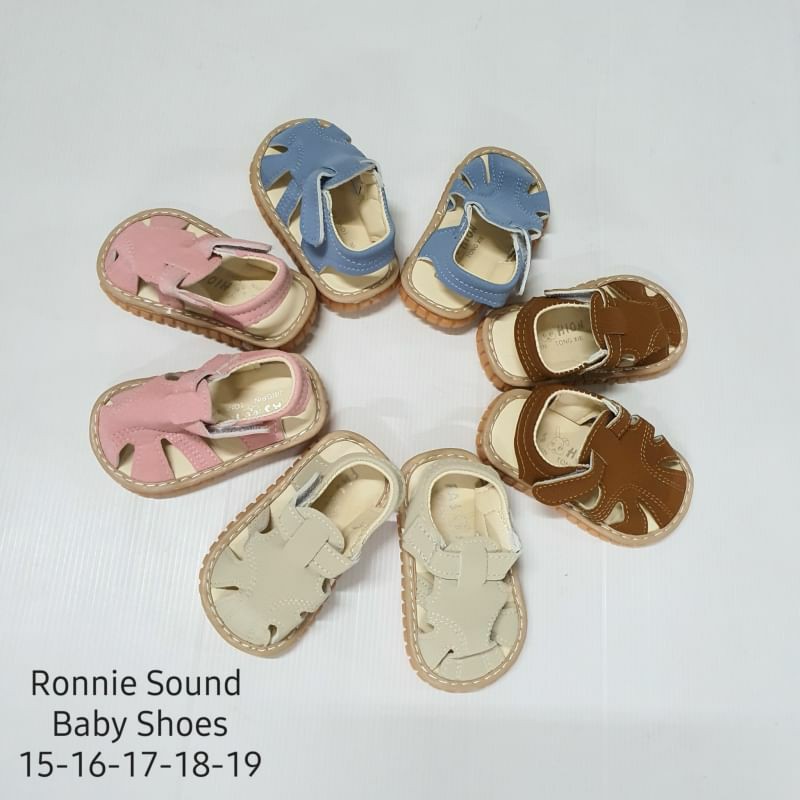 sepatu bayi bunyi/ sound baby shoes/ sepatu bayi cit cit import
□ □ □ □
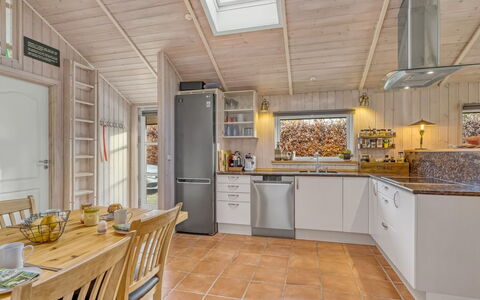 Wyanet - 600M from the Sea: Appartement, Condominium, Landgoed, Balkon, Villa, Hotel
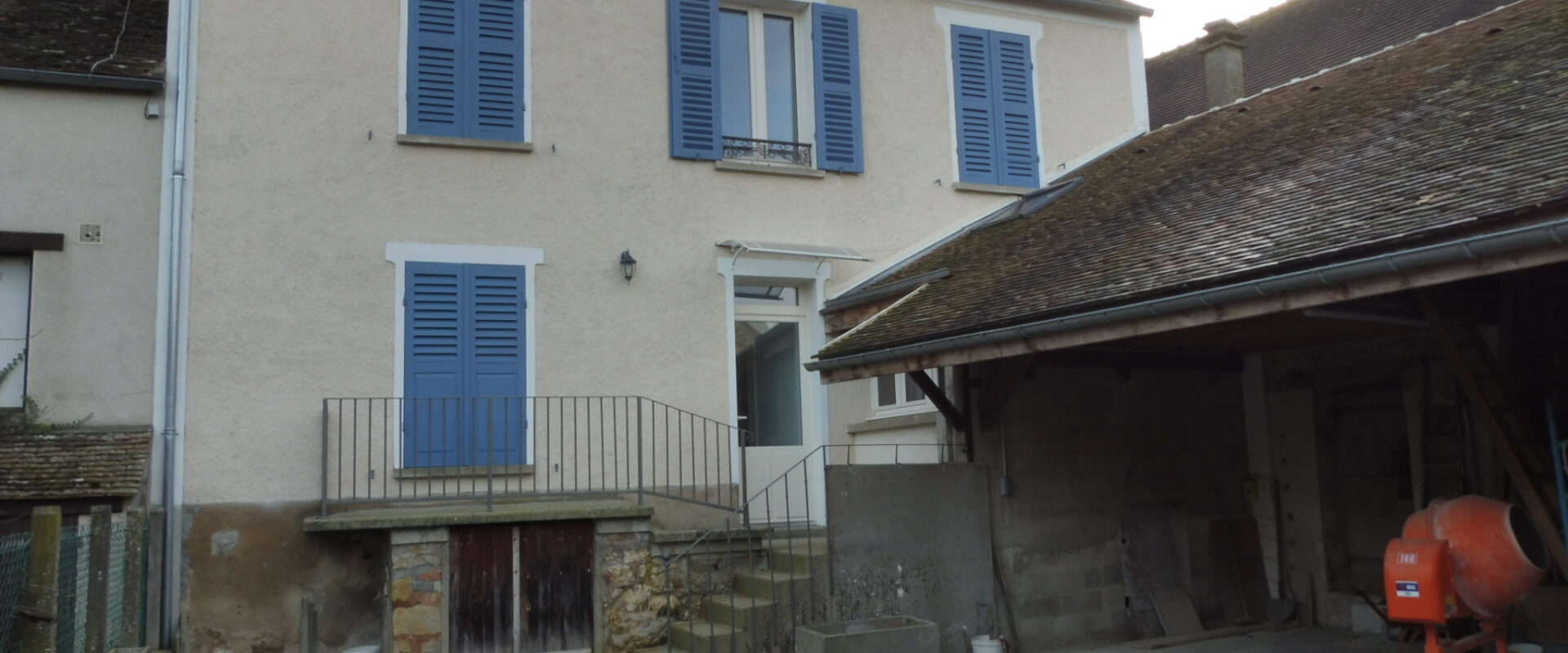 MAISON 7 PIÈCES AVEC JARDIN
□ □ □ □
## EXERCISE GOAL
All that should be printed is the run of lines above from the one with "Wyanet - 600M" through the one with "MAISON 7 PIÈCES AVEC JARDIN", both included, exactly as given, with pictures left out.

## ANSWER AREA
 Wyanet - 600M from the Sea: Appartement, Condominium, Landgoed, Balkon, Villa, Hotel
 MAISON 7 PIÈCES AVEC JARDIN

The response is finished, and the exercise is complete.